Another howl, wild and chilling. Dulcie took a deep breath. She hadn't told Chris she was going out. Her boyfriend worked the overnight shift in the computer lab, so Dulcie had been home alone when she'd realized that she'd left the English 10 papers in her cubby at the departmental office. He would've encouraged her to leave them till tomorrow, if she'd called him. Or told her to splurge and take a cab. But Chris wouldn't be working nights if they had any money to spare, and their apartment was really only twenty minutes away, if she walked quickly. Besides, grades were due by ten a.m. tomorrow. She'd already missed several of her teaching deadlines this semester, and this time she wouldn't have had her own thesis as an excuse. Carelessness seemed like a silly reason to push her luck. Martin Thorpe, her adviser and the acting department head, was prickly at the best of times. No, walking into the Square to retrieve them had been the sensible move.

It wasn't like it was an inherently frightening night. Between the street lights and a bright autumn moon, Dulcie could see all the way to the end of the block. Even the brick sidewalk, treacherous when icy, appeared to be in high relief. True, the shadows looked particularly menacing right now. But that, Dulcie told herself, was because she'd worked herself up into a good snit.
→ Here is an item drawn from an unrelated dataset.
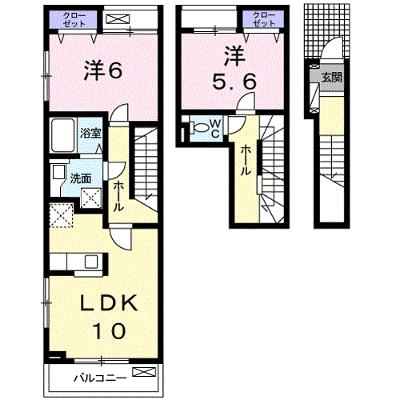 ＴＫ・Ⅲ 206【管理NO：1-022151001-02050】 ★家具家電は申し込み後に搬入します 2026年09月上旬入居可能の外観画像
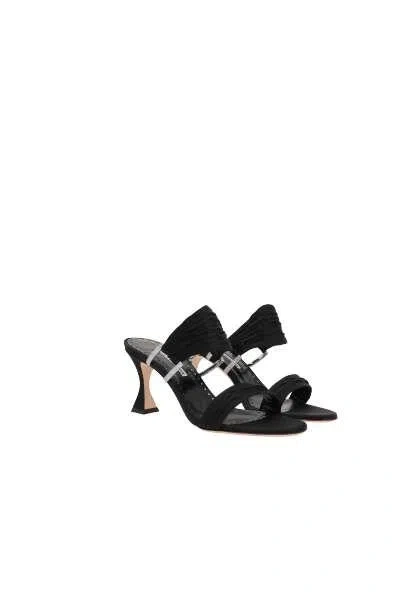 Manolo Blahnik Sandals In Black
And so, really, a little scare served her right.

In truth, it wasn't just the student papers that had sent Dulcie out into the cold November night. She'd been caught up rereading a section of a newly discovered novel. For weeks now, she'd worked in the library, painstakingly transcribing the stained, handwritten manuscript into her computer. The previously unclaimed pages, which she'd found among the unfiled documents in the Mildon rare book collection, made up a ghost story, full of all sorts of supernatural high-jinks and at least one particularly gruesome murder. It was also, most likely, written by the author of The Ravages of Umbria, the subject of Dulcie's doctoral thesis. If Dulcie could definitively place it in her author's canon, she'd have a significant academic credit. But all the time she'd spent squinting at the faded ink, trying to make out an archaic crossed 'S' from a half-smudged 'F' had distracted her from the story itself.

Tonight, for the first time, she had settled in to actually read what she had. And while that was a very welcome break from student compositions, it might not have been the best choice for a lonely moonlit night. Even Esmé, her tuxedo cat, had made herself scarce, as if spooked by the tale of ghouls and evil. And so, after one striking confrontation, Dulcie had been almost grateful to remember her real-life duties. Grading seemed so ordinary after an encounter with a werewolf.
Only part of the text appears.